Malgré des conditions de tournage très dures auxquelles ils étaient soumis, les figurants participaient aux scènes si souvent reprises et rejouées avec une sorte de frénésie. Ils revivaient l’histoire. Ils redonnaient vie aux anonymes, aux membres du peuple.

Ainsi, un des figurants, Félix Guglielmi, était le petit-fils du berger de Bocognano[21] qui avait aidé Bonaparte. Trop âgé pour interpréter le rôle de son grand-père[22], il apparaît néanmoins dans les diverses scènes le concernant, reconnaissable à son imposante barbe blanche.

Avec la masse des figurants passionnés, les lieux sont investis par l’esprit du temps, les rues d’Ajaccio, la grotte où l’enfant Napoléon venait méditer, tout semble reprendre sens.

. Réincarnation
Lorsque, pour des prises de vue, Dieudonné parcourait les rues en uniforme (mais, pour suivre les directives de la préfecture, sans le fameux chapeau), il est raconté que l’effervescence le précédait, des foules le suivaient, elles réclamaient évidemment le port du bicorne (« Napoulione! Remets le chapeau ! »), les femmes âgées serraient les mains de l’acteur et les lui baisaient.

Une vive agitation gagnait irrésistiblement la population. Dieudonné raconte que lors de la préparation d’une scène, il avançait vêtu de son uniforme dans la campagne, lorsqu’au détour d’un chemin il rencontra un berger armé de son fusil : « Au bruit des sabots de mon cheval, il s’est retourné et est resté pétrifié. Il a ôté son chapeau et est demeuré là, me regardant fixement. Je lui ai fait un petit signe amical de la main et ai continué mon chemin. Je me suis retourné et il était là, toujours pétrifié, son chapeau toujours à la main. »

Une apparition… Comme si Nabuléo était de retour.

La population d’Ajaccio confectionne même des autels votifs où brulent parfois des cierges à la gloire du Héros sanctifié, associant toujours sans doute la célébration de l’Assomption/Assunta, à la saint Napoléon rappelant la naissance de l’Empereur le 15 août, rue Malerba. Sur ces autels érigés à des carrefours, dans des rues, se côtoient les images d’Epinal napoléoniennes, les objets naïfs ou plus élaborés qui trônaient dans toutes les maisons, souvent associés à de la diorite orbiculaire dite « Napoléonite » ou « Corsite », sur les manteaux des cheminées avec les photographies des êtres chers.
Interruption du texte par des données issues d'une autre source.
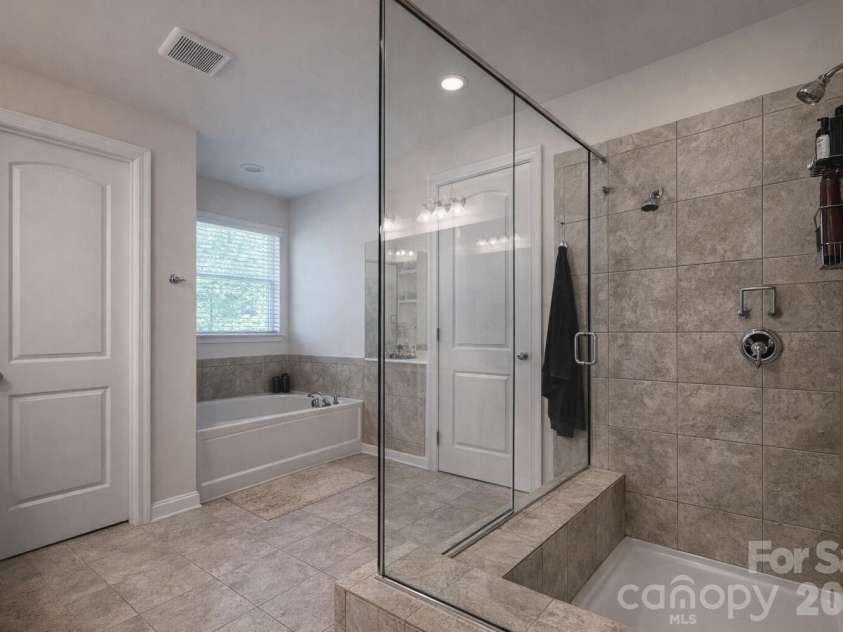 5347 Baker Lane, Clover, SC 29710.  MLS# CAR4362475, YatesRealty ID 25189. 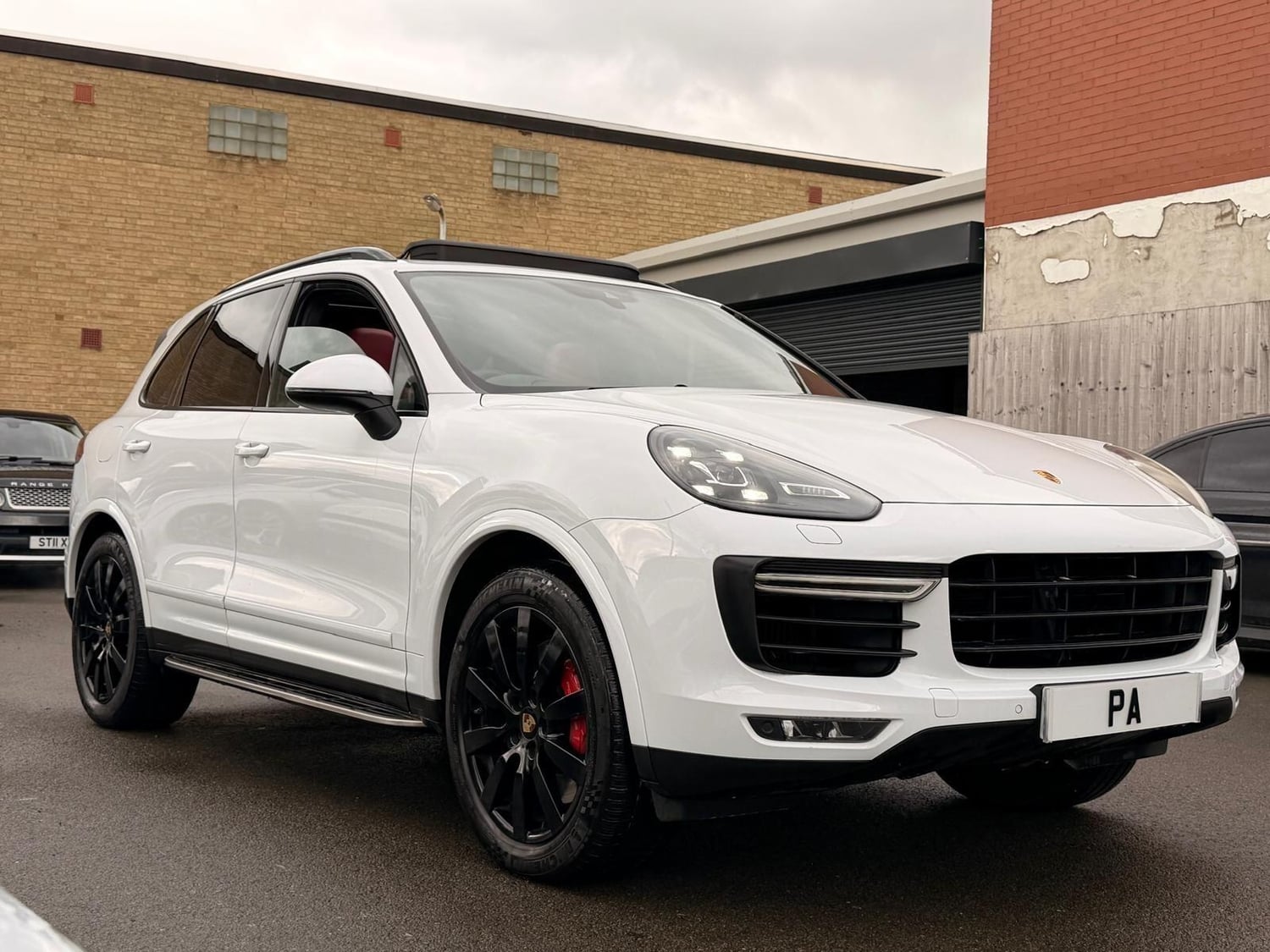 Porsche Cayenne 2015 - Cars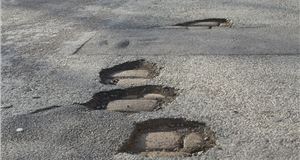 Government: Roadworks should be guaranteed against potholes for five years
Des fêtes spontanées émaillent même les nuits. Ainsi, l’équipe cinématographique logée au Grand Hôtel, épuisée par les tournages, fut réveillée par un vacarme terrible venant de la rue, des coups de feu, des cris. Si Abel Gance et son équipe crurent à une émeute menée par des paolistes, l’immense foule rassemblée participait à une retraite aux flambeaux jusqu’à la grotte du Casone. Elle réclamait Dieudonné[23], lui enjoignant de revêtir son uniforme et de se joindre à eux. Malgré la fatigue, face à une telle ferveur, l’acteur ne put refuser. Il entonna lui aussi L’Ajaccienne un nombre incalculable de fois, et les réjouissances ne prirent fin qu’avec l’aube.

. Les lieux
En tournant sur place, en y choisissant des figurants, Abel Gance affirme vouloir serrer l’histoire au plus près. Il accorde une place éminente aux spécificités de l’île natale, aux lieux parcourus par le jeune Napoléon. Il veut donner tous les gages de l’authenticité : « Toutes les scènes, en Corse notamment, ont été prises dans les maisons et dans les sites exacts où les faits rigoureusement contrôlés se sont déroulés. »[24]
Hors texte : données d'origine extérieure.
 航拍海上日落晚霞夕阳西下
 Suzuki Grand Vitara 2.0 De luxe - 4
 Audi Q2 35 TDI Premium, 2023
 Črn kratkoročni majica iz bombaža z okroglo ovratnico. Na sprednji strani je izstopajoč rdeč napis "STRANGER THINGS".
d) Napoléon Bonaparte versus Pasquale Paoli

Pour bâtir son récit, Abel Gance doit établir des choix dans le cadre qu’il a fixé : le rapport de Napoléon à l’île natale est soumis au conflit qui l’oppose à « Pasquale Paoli ».

Au-delà des éléments centraux constitués par l’affrontement direct des deux hommes au Quartier général de Paoli, et par la poursuite à cheval, toute une série d’actions et de remarques rappellent la dynamique de cette opposition.

Citons la scène concernant la propriété familiale des Bonaparte, les Milleli. Cette dernière était à l’époque dans un état d’abandon. Abel Gance y vit une belle chance. En effet, il fallait mettre l’accent sur l’assaut, le saccage et l’incendie de la maison par les paolistes. L’équipe cinématographique alluma un grand feu avec la végétation coupée pour défricher l’endroit, et tout un système de cordons imbibés d’essence permit de donner un aspect saisissant aux fenêtres qui s’enflammaient et au brasier qui gagnait l’intérieur de la maison.

De même, lors du fracas qui réveilla l’équipe cinématographique logée au Grand Hôtel, le commentaire évoque cet antagonisme alors qu’il ne s’agissait pas du tout de la réincarnation des ennemis de Napoléon. Il est malgré tout rappelé la période de rivalité : « comme si les partisans de Paoli se livraient à un saccage »[25].

Il s’agit, pour Abel Gance, de bien ancrer cette irréductible et impérissable opposition. Eduqué en France, le jeune officier va affronter le vieux chef corse dont il représente l’antinomie.

. L’enfance d’un chef
Le film, dans sa version actuellement connue, commence par l’école militaire et la bataille de boules de neige entre bons camarades. La formation du jeune homme, sa pensée, l’accomplissement de son imaginaire avec son aigle prophétique, tout s’élabore à Brienne.

. La vigueur atavique
Si le « génie » du Grand homme se forme à l’école militaire, il puise une énergie ancestrale en Corse. Abel Gance l’associe au héros légendaire du Moyen Âge anglais : « Robin Hood de la Corse contre Paoli, il va, comme le grand Armoricain, développer ses forces de résistance et de promptitude pour les mettre dès Toulon au service direct de la gloire. »[26]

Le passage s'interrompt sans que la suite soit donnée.